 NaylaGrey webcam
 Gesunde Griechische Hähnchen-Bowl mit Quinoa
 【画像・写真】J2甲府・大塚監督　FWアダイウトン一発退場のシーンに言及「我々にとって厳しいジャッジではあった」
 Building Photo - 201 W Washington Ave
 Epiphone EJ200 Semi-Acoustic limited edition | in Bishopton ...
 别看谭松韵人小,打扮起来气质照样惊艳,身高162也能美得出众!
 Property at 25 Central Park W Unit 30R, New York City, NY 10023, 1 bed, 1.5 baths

==

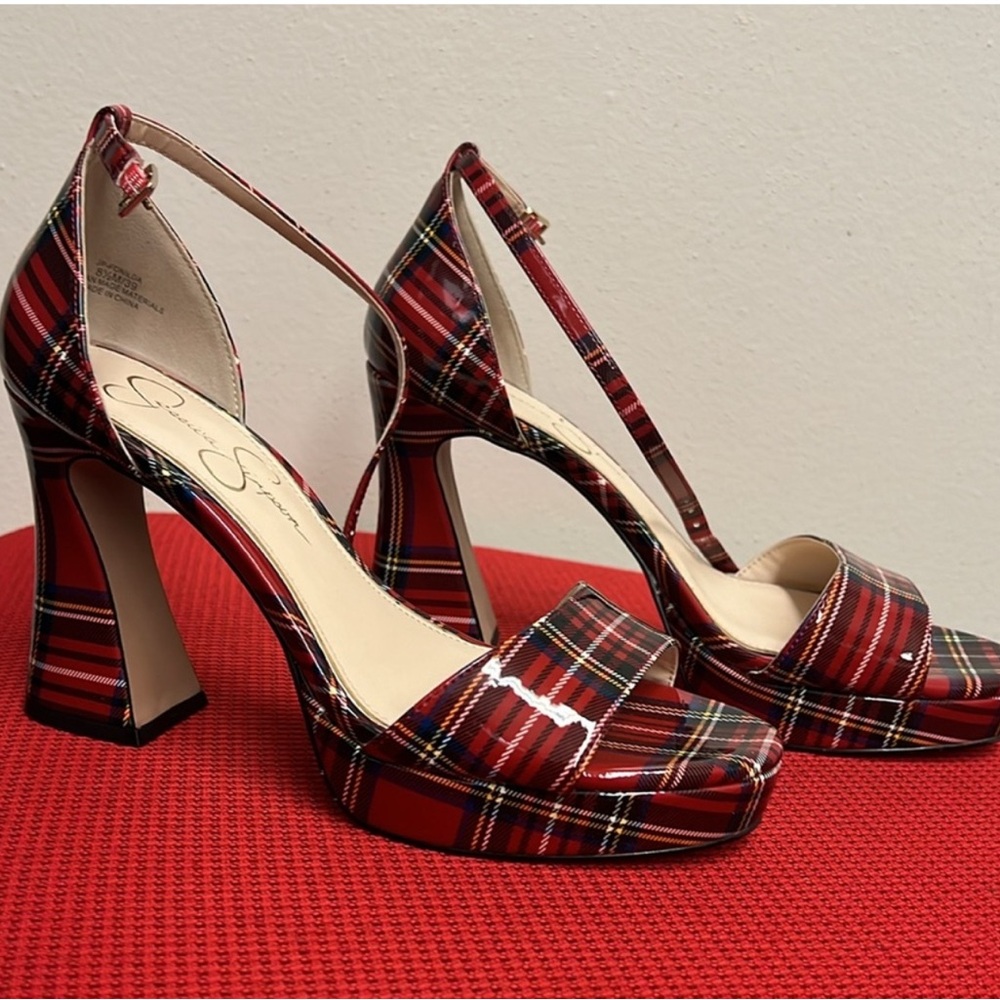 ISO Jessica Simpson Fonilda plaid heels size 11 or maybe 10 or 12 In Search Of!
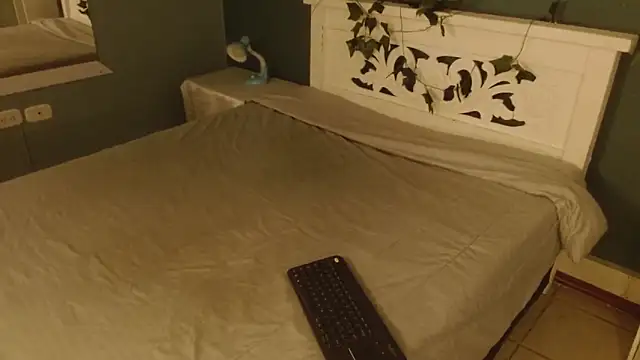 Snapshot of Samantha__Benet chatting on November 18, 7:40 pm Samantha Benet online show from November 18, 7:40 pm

* * *

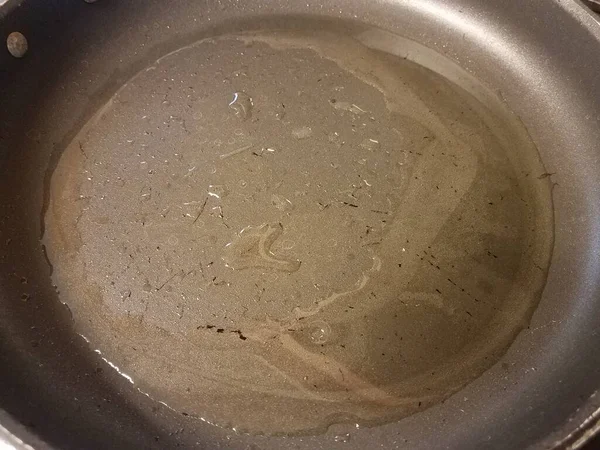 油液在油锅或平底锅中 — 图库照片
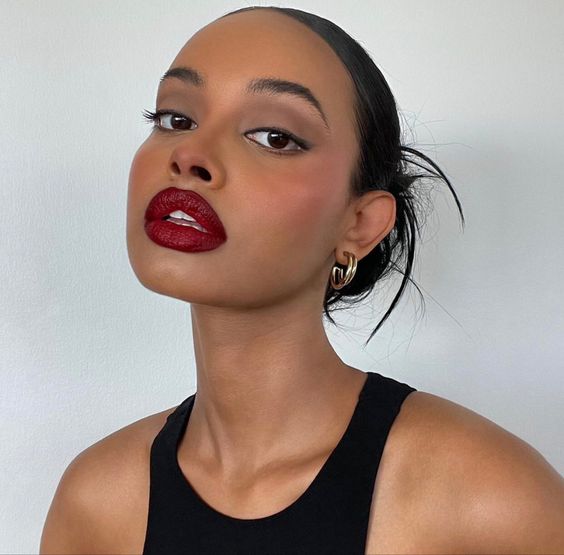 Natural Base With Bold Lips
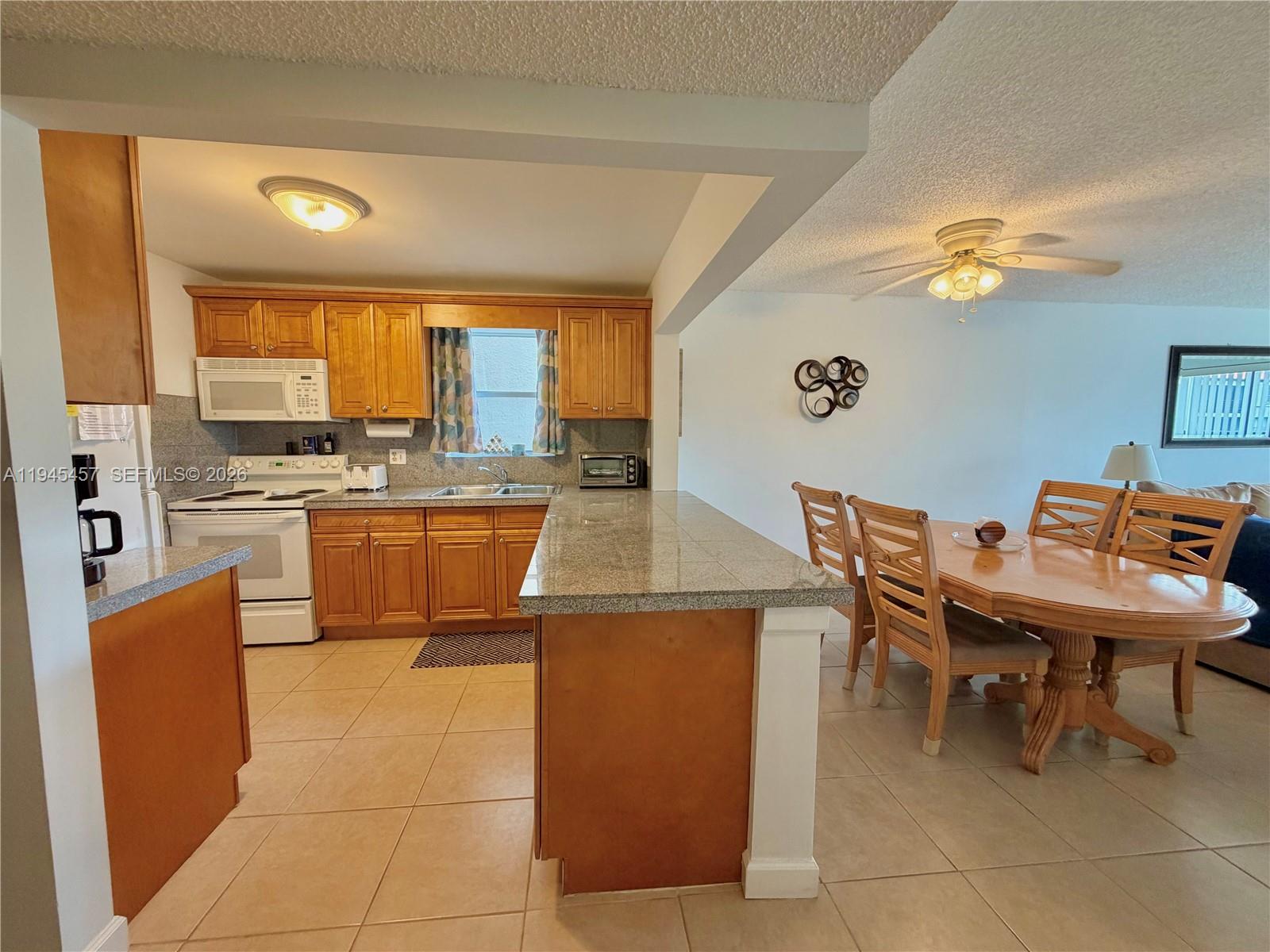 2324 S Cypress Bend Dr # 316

* **Task prompt**: There is a run of lines above from the one with "NaylaGrey webcam" to the one with "Property at 25"; print exactly that run, both ends included, and nothing else.

* **Task output**:
 NaylaGrey webcam
 Gesunde Griechische Hähnchen-Bowl mit Quinoa
 【画像・写真】J2甲府・大塚監督　FWアダイウトン一発退場のシーンに言及「我々にとって厳しいジャッジではあった」
 Building Photo - 201 W Washington Ave
 Epiphone EJ200 Semi-Acoustic limited edition | in Bishopton ...
 别看谭松韵人小,打扮起来气质照样惊艳,身高162也能美得出众!
 Property at 25 Central Park W Unit 30R, New York City, NY 10023, 1 bed, 1.5 baths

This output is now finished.